I do agree, that as 'independent contractor' we should be able to choose/decline the jobs without punishment, including see the 'rough' area the rider wants to go. Maybe I'm about to knock off and don't want to accept a job heading in the away from home, but willing to take one that will take me towards 'home'.

Of course Uber will never do any of these things, as they benefit us, not uber or the rider at all, and us 'partners' are just worthless pieces of crud in the eyes of uber.


----------



## Cotties (Apr 20, 2016)

A man that thrives on ripping off Australian Ex serviceman on that one special day they get a year.

Now here is a role model for you kids out there.


----------



## Gilbert_Aus (Apr 10, 2016)

Cotties said:


> A man that thrives on ripping off Australian Ex serviceman on that one special day they get a year.
> 
> Now here is a role model for you kids out there.


That's a cheap shot and you know it. Are you honestly saying that we should not accept surge on a public holiday?

FYI, It was drunk 20-30 year old passengers that day. No ANZACS.

Here IS a role model for your kids. Working 4.30am until 7.30pm on a public holiday while everyone else is having a good time.

Please stop with these personal attacks, they have no substance behind them.

Earlier today you accused me of having 'the world owes me mentality'... Well I took a look at YOUR own posts and it seems you are s bit of a sad case yourself:



Cotties said:


> what are you people talking about.
> 
> People from the eastern and northern suburbs are born richer. We can't make them move to Melbourne so we just have to put up with them.





Cotties said:


> If you have dark sunglasses you can try to act like you are sleeping. Just drool a bit and no farting though.


Real good role model, mate. Congratulations ^



Cotties said:


> Impressing this younger tight ass demanding new generation of spoilt kids in the eastern suburbs of Sydney is getting harder and harder.


----------



## Cotties (Apr 20, 2016)

I get out there and work hard.You talk scams and tricks. We have a different work ethic.


----------



## UXDriver (May 20, 2015)

Cotties said:


> A man that thrives on ripping off Australian Ex serviceman on that one special day they get a year.
> 
> Now here is a role model for you kids out there.


Lol lol lol

Anzac day and anzac day eve

Probably did 50 trips

All kids under 30

Most wouldn't even know what Anzac day stands fot


----------



## Drk280 (Feb 8, 2016)

why not get a job that gives you more than peanuts? Uber driving should be a supplementary income not main. Yes people do out of desperation, as it appears you are. You are being picky on jobs, the public need transport and you want to decide who gets it? You might as well drive a taxi then. You all seem to forget that the pax who are paying you btw, are the ones that need the service, you drive the service into the ground and you will be driving for not even peanuts. 
Honestly if you think your life is worth more $ per hour then get another job or get trained for one.


----------



## Skyring (Sep 17, 2015)

Drk280 said:


> why not get a job that gives you more than peanuts?

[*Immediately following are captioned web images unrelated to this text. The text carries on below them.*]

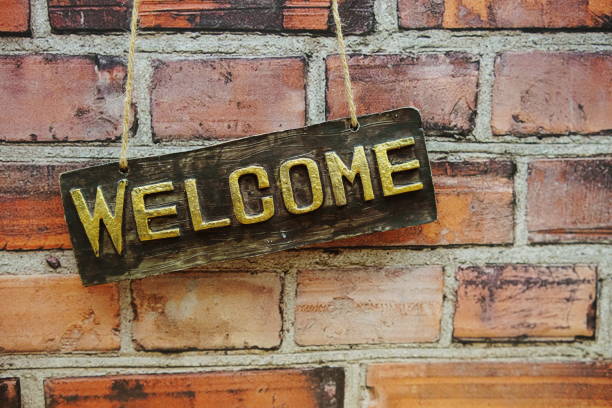 istock Welcome sign hanging on brick wall background 1717808148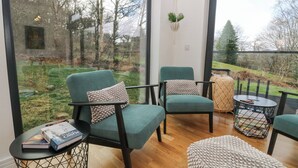 Un salon moderne avec deux fauteuils turquoise, une petite table ronde et une grande fenêtre donnant sur un jardin et des arbres.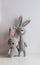 Two handmade gray rabbits crocheted on a white background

Uber driving should be a supplementary income not main. Yes people do out of desperation, as it appears you are. You are being picky on jobs, the public need transport and you want to decide who gets it? You might as well drive a taxi then. You all seem to forget that the pax who are paying you btw, are the ones that need the service, you drive the service into the ground and you will be driving for not even peanuts.
> Honestly if you think your life is worth more $ per hour then get another job or get trained for one.


I dunno. The more jobs rejected by picky drivers, the more for me. I'd rather have someone in the passenger seat and the wheels turning, than be sitting idle reading a paper, earning nothing, and hoping for something.

I saw a lot of this during my time as a cabbie. Drivers hoping for that really good fare and turning away anything that was a shortie. Those minimum fares add up and up.

Besides, the passenger wants transport, and if they can't get it at a good price, they'll feel ripped off.

I keep track of the averages. I accept pretty much anything and I'm doing just fine.


----------



## Skyring (Sep 17, 2015)

Grand said:


> Skyring.
> I am not sure about taxi rules.
> As you know Uber drivers don't see destination at ping acceptance or until start trip.
> For taxis, when a pax books a job they need to add the destination. Why is a taxi driver allowed to see the destination?
> ...


Systems differ, but in general for a radio job neither the pickup point or the destination is shown on a ping. You just accept or reject.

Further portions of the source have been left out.